In my discussions with companies considering our SEO service, I sometimes detect a hint of hesitation about us writing thought leadership articles on their behalf. The question I can see forming in the client’s mind goes something like: “How can I get comfortable with the idea of an outside service writing content that represents MY company?”
The question is a good one; it is usually fueled by the suspicion that the person I’m speaking to – the CEO, Co-Founder, or Marketing Director of the company – could produce better content themselves.

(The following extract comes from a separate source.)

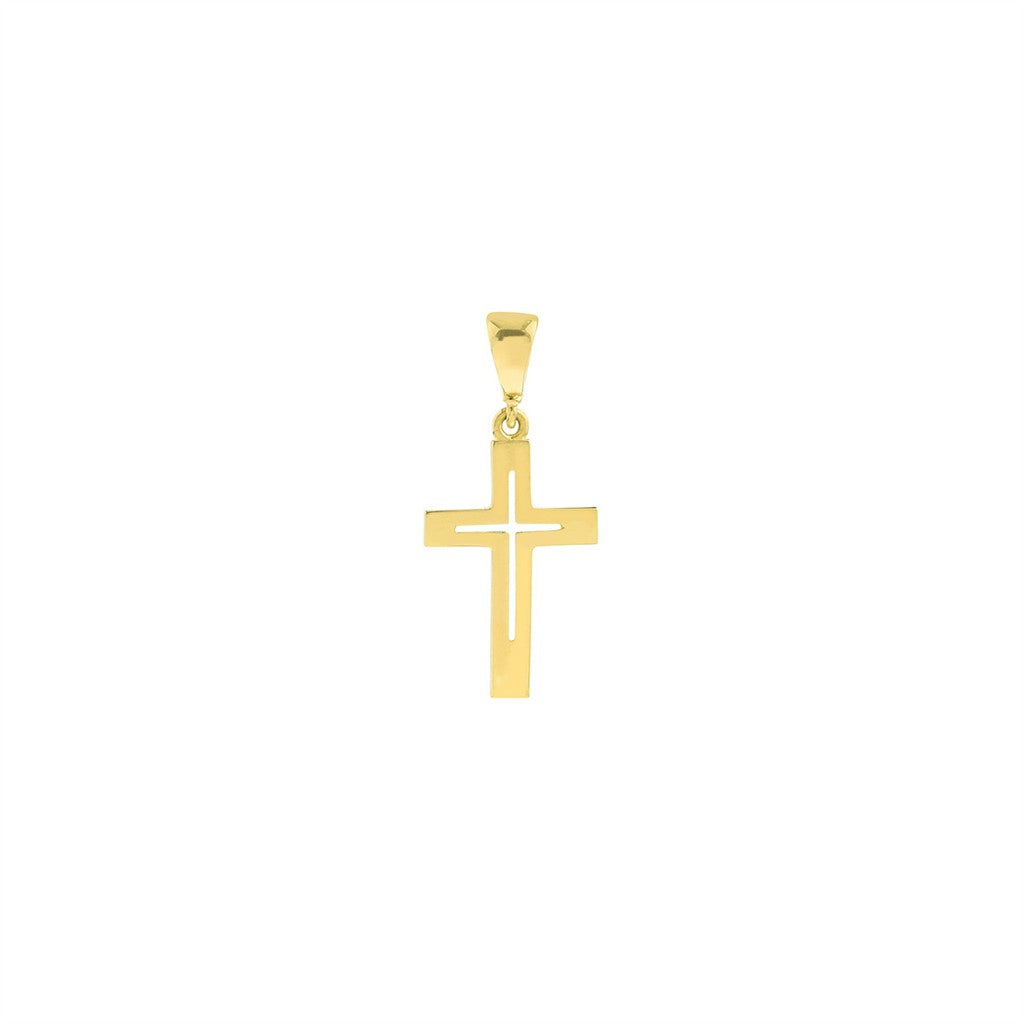 Cutout Cross Pendant - 14kt ye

And if that’s the case, why would they hire us to do it?
Let me begin by confirming your suspicions: yes, if you sat down for 2-3 hours per day 3 times each week, wrote a thought piece, ran it by an editor, re-read it to make sure your original message was preserved, found an image that represents the spirit of the piece and you have the rights to use, and then published it to the web, you could do it yourself.

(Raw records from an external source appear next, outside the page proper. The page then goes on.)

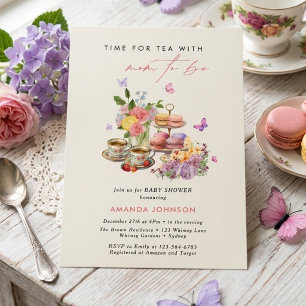 Invitación Hora del té macarrones tazas shower de mariposas p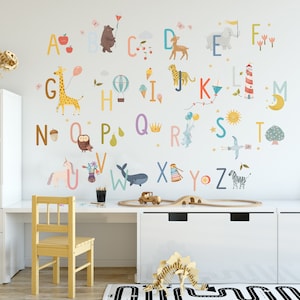 Alphabet Wall Decal, Educational ABC Wall Sticker for Kids,  Letters Nursery Decal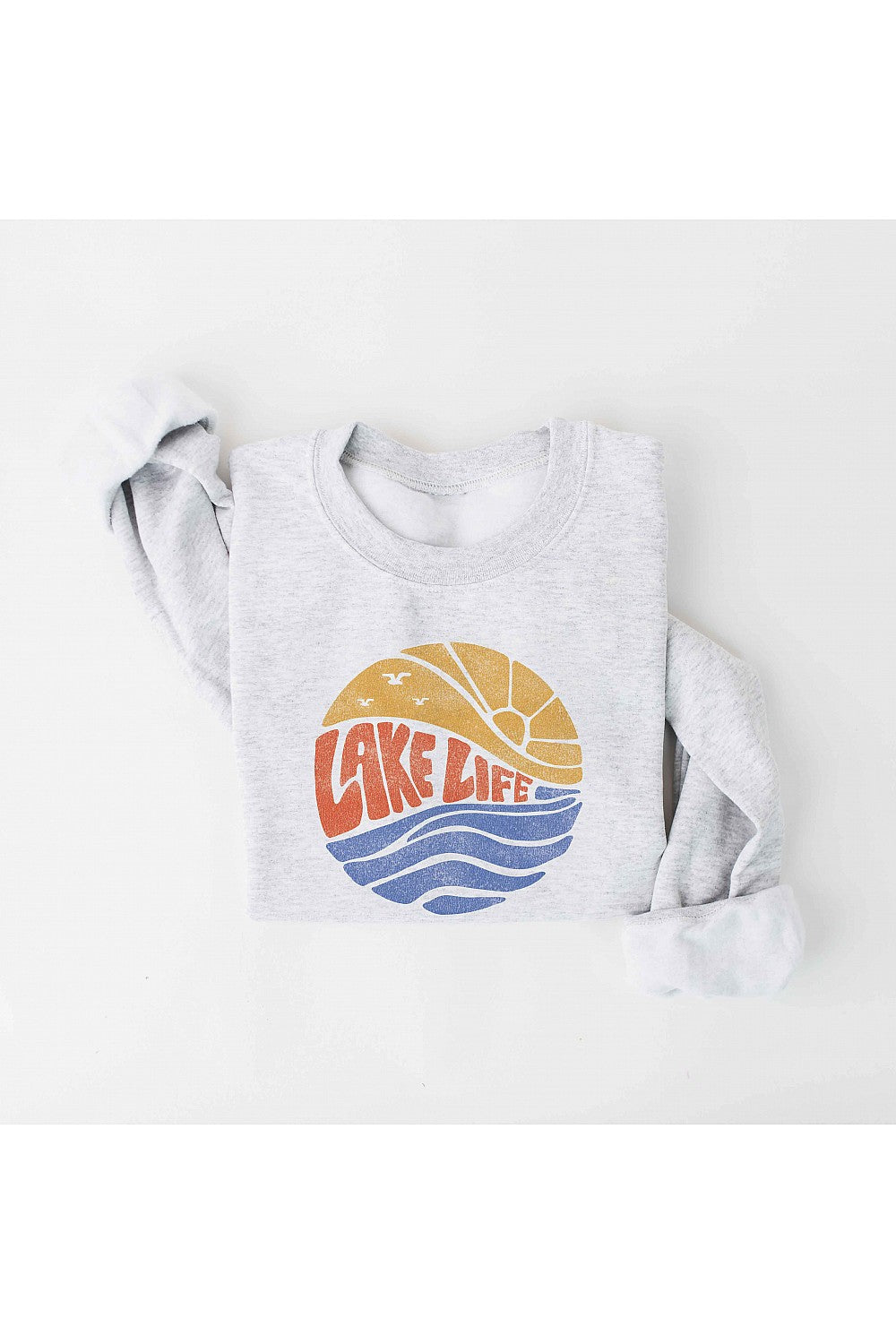 Lake Life Round Graphic Pullover Sweatshirt White Heather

Hopefully you’re getting my drift. Creating true thought leadership, the kind that Google rewards your site for, requires more than finding a few free minutes of your time, or telling a talented member of your team to jot out a piece in her free time, or even bringing on an intern; it requires a real infrastructure.
Consider some of the practices that make our content marketing service successful:
- We don’t just edit for spelling and grammar, but for intangibles like insight and emotional appeal. If you find yourself completely taken by an article, it’s probably because that article shared an insight that you hadn’t ever thought of. Or, it might have roused your emotions. If it did neither, it’s very unlikely you’ll remember that piece, let alone share it with your friends and colleagues. That’s why we have an item on our editing checklist specifically about insight and emotional appeal. Every article we produce must have both.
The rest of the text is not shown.